Jake Arrieta flirts with no-hitter, pitches Cubs past Indians 5-1 in World Series Game 2

CLEVELAND, OH - OCTOBER 26:  Jake Arrieta #49 of the Chicago Cubs throws a pitch during the first inning against the Cleveland Indians in Game Two of the 2016 World Series at Progressive Field on October 26, 2016 in Cleveland, Ohio.  (Photo by Gene Puskar - Pool/Getty Images)
Gene Puskar - Pool/Getty Images

Cubs starter Jake Arrieta pitched into the sixth inning before allowing his first hit. Behind his strong performance, the Cubs were able to take down the Indians 5-1 in Game 2 of the World Series to even things up at one game apiece.

Unlike their Game 1 performance against Corey Kluber, the Cubs’ offense was ready early.
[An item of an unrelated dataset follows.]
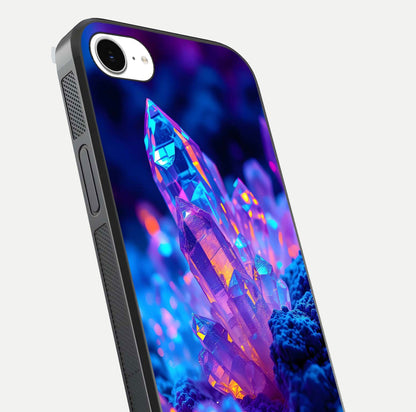 Neon Aura Shards Glass Case for iPhone 16e close-up angled shot highlighting fragment pattern and reflection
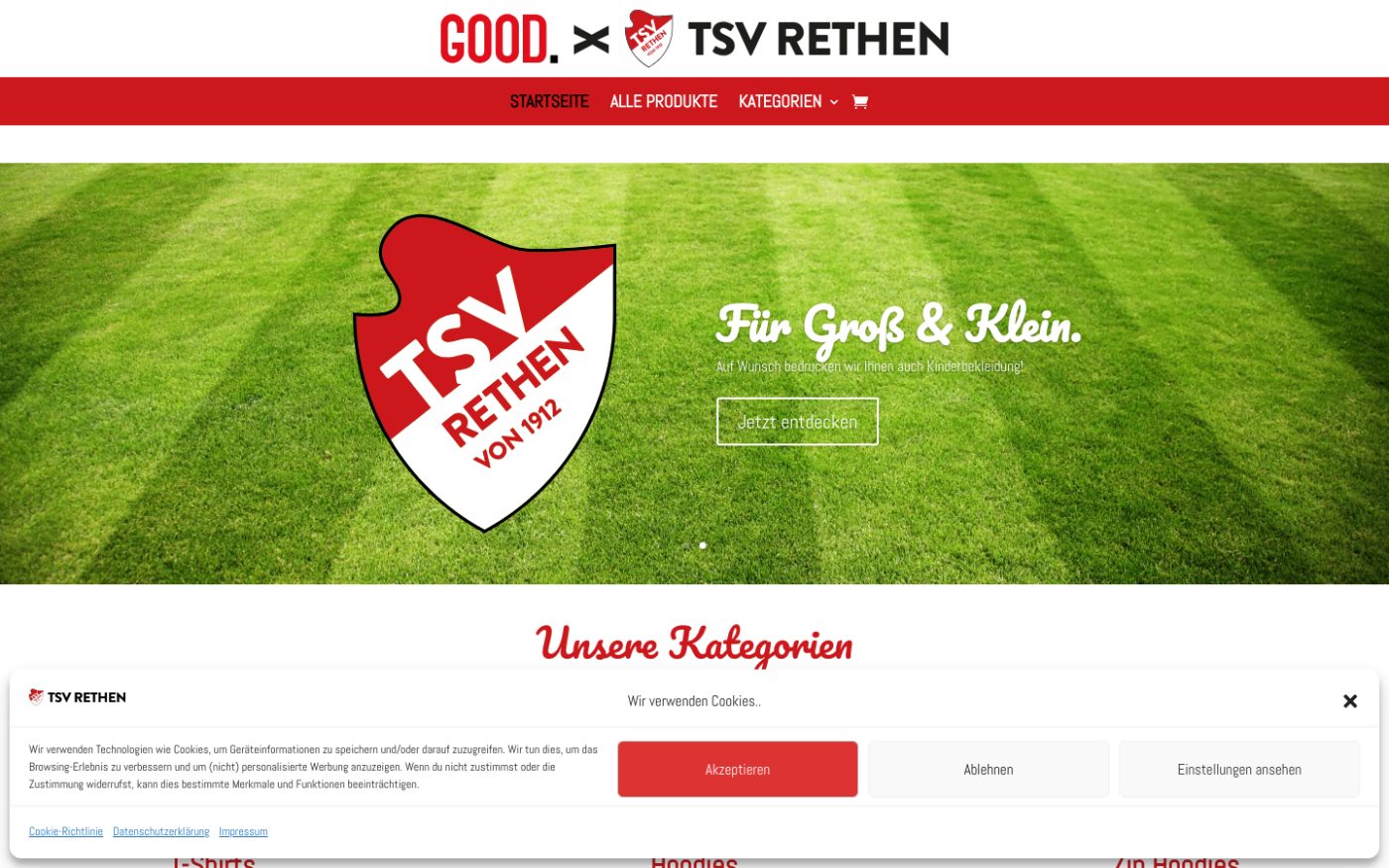 Startseite des TSV Rethen Onlineshops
Kris Bryant singled with one out in the first inning against Indians starter Trevor Bauer and promptly scored when Anthony Rizzo drilled a double down the right field line. The Cubs would score again in the third with a two-out rally as Rizzo walked, then Ben Zobrist and Kyle Schwarber hit consecutive singles to center field, plating one run to make it 2-0.

With Zach McAllister returning to the mound for the fifth after relieving Bauer in the fourth, he walked Rizzo, then gave up a triple to Zobrist. The Cubs continued to press their foot on the gas, with Schwarber hitting another RBI single. After Jason Kipnis committed a fielding error on a Willson Contreras grounder — what should’ve been the final out of the inning — McAllister walked Jorge Soler to load the bases, then walked Addison Russell to force in a run, pushing the Cubs’ lead to 5-0.

Arrieta had a first-inning scare, issuing back-to-back two-out walks, but he escaped the jam and seemed to be on cruise control until the sixth inning. He got Carlos Santana to fly out to lead off the sixth, continuing his no-hit bid, but Kipnis broke it up with a double to right field. After getting Francisco Lindor to ground out, pushing Kipnis to third base, Arrieta uncorked a wild pitch, helping the Indians score their first run of the game. Arrieta then served up a single to Mike Napoli, which proved to be the end of the line. Manager Joe Maddon came out to replace him with lefty Mike Montgomery. Montgomery ended the bottom of the sixth by inducing a weak ground out from Jose Ramirez.

Montgomery struck out the first two batters he faced in the seventh, then got into a bit of hot water by yielding a single to Brandon Guyer, then walking Game 1 hero Roberto Perez. Carlos Santana, however, struck out to end what would be the Indians’ last real chance to get back in the ballgame.

Montgomery remained in the game in the bottom of the eighth. He struck out Kipnis, got Lindor to ground out, then gave up a line drive single to Napoli before Maddon pulled the plug. Closer Aroldis Chapman entered to face Ramirez. As expected, Chapman got Ramirez to whiff on a fastball to send the game to the ninth.

In the bottom of the ninth, Chapman fanned Rajai Davis and got Coco Crisp to ground out for two quick outs. He walked Guyer on five pitches but ended the game as rain drizzled onto Progressive Field by getting Perez to ground out to shortstop.

The World Series is now headed back to Wrigley Field. The two clubs will enjoy a day off on Thursday to travel. Game Three will be played at 8:00 PM EDT on Friday. The Indians will send Josh Tomlin to the hill while the Cubs will counter with Kyle Hendricks.